La Carta dei Diritti e delle Libertà delle persone anziane


A Montréal, presentata la Carta dei Diritti e delle Libertà delle persone anziane

Giovedì 5 novembre, presso l'Istituto di geriatria dell'Università di Montréal, un centinaio di persone hanno partecipato alla presentazione ufficiale, in italiano, della Carta dei Diritti e delle Libertà delle persone anziane. L'importante documento riprende la maggior parte degli elementi inclusi nella Carta dei Diritti e delle Libertà sia canadese sia del Québec. Il testo, tuttavia, va più lontano per quanto riguarda gli anziani, ponendo l'accento su realtà che li toccano più da vicino. La Carta concerne tre aspetti: quello MORALE (evitare l'isolamento e vivere in un ambiente che favorisca l'autonomia), quello MATERIALE (godere della più ampia mobilità possibile e fruire di cure sanitarie di qualità) e quello SOCIALE (sentirsi valorizzati e fruire dei programmi volti all'apprendimento permanente). Per l'occasione, il conferimento all'onorevole Marisa Ferretti Barth del Prix Grande-Aînée da parte dell'Observatoire Vieillissement et Société, organizzazione a scopo non lucrativo volta a difendere i diritti delle persone anziane.

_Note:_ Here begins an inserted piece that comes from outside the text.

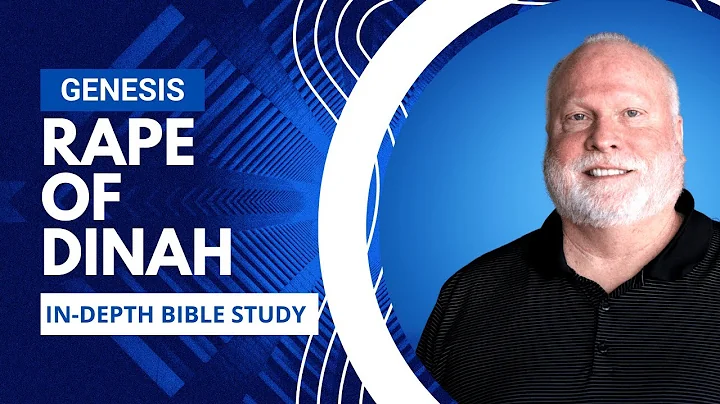 GENESIS Bible Study Part 69 | Abduction and Rape o...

Nel 1997, Marisa Ferretti Barth fu la prima donna di origine italiana a far parte del Senato canadese. Il Consiglio Regionale delle Persone Anziane Italo-Canadesi (CRAIC), che ha fondato nel 1974 e che la vede alla Direzione generale, conta 56 Clubs che riuniscono più di 13.000 tesserati e ben 365 volontari. Ampia l'offerta del CRAIC, ad esempio: il servizio di ascolto telefonico, il pranzo settimanale per le persone sole, la banca alimentare, l'assistenza domestica, le visite a domicilio, i viaggi di gruppo e i percorsi formativi specificamente rivolti ai bisogni emergenti da parte delle persone anziane. Nel corso della serata di presentazione della Carta dei Diritti e delle Libertà delle persone anziane è stato letto un messaggio di saluto di Carla Cantone, segretario generale dello SPI-CGIL e segretario generale della Federazione Europea Pensionati e Anziani. Le buone pratiche avvicinano ancora di più il bel paese, l'Italia fuori d'Italia e le loro più belle realtà associative che - come scrive Carla Cantone - “in un pianeta sempre più villaggio globale, nell'autonomia delle rispettive competenze, possono condividere aspettative e obiettivi comuni”.